PROBLEM STATEMENT: How does the data below read from its first line through the line containing "Eukaryotic Translation Initiation"? Print those lines exactly.

DATA SECTION:

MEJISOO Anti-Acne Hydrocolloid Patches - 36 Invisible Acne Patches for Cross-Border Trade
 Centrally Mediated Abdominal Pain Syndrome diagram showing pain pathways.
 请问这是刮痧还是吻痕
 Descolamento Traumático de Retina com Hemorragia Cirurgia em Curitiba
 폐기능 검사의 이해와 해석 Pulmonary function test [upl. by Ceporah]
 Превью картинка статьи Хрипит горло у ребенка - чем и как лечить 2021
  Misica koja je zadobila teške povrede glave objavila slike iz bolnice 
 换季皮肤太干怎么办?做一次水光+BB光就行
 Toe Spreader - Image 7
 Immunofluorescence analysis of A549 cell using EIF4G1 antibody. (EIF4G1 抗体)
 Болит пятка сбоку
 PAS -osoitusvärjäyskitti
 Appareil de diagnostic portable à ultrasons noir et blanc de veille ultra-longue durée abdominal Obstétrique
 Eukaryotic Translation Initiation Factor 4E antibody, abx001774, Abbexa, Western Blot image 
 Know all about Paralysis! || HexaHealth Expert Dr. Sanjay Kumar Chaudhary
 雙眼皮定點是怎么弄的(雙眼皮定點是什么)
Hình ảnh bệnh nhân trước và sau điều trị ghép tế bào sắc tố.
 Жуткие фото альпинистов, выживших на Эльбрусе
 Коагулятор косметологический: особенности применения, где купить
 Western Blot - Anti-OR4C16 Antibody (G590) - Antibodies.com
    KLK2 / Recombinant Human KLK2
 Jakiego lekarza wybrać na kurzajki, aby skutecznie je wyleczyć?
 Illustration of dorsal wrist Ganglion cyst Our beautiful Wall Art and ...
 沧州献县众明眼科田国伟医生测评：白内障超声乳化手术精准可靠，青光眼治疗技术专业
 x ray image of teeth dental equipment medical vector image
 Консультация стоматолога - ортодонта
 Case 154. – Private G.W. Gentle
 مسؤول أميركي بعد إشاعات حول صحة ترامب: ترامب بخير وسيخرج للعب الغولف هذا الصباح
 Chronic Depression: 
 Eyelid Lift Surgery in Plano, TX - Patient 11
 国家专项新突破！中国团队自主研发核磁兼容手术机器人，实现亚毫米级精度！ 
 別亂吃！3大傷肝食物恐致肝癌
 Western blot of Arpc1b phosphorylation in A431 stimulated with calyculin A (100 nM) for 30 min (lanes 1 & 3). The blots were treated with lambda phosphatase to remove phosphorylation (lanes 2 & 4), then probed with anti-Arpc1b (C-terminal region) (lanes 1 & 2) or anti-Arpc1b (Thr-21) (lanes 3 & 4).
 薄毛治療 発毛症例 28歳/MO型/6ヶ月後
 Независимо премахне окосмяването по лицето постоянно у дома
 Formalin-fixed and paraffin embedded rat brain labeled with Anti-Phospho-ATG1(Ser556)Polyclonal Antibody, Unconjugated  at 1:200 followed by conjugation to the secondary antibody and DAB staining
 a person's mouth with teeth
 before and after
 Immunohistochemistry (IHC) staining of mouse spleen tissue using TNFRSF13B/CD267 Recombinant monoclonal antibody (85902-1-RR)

TASK SOLUTION:
MEJISOO Anti-Acne Hydrocolloid Patches - 36 Invisible Acne Patches for Cross-Border Trade
 Centrally Mediated Abdominal Pain Syndrome diagram showing pain pathways.
 请问这是刮痧还是吻痕
 Descolamento Traumático de Retina com Hemorragia Cirurgia em Curitiba
 폐기능 검사의 이해와 해석 Pulmonary function test [upl. by Ceporah]
 Превью картинка статьи Хрипит горло у ребенка - чем и как лечить 2021
  Misica koja je zadobila teške povrede glave objavila slike iz bolnice 
 换季皮肤太干怎么办?做一次水光+BB光就行
 Toe Spreader - Image 7
 Immunofluorescence analysis of A549 cell using EIF4G1 antibody. (EIF4G1 抗体)
 Болит пятка сбоку
 PAS -osoitusvärjäyskitti
 Appareil de diagnostic portable à ultrasons noir et blanc de veille ultra-longue durée abdominal Obstétrique
 Eukaryotic Translation Initiation Factor 4E antibody, abx001774, Abbexa, Western Blot image 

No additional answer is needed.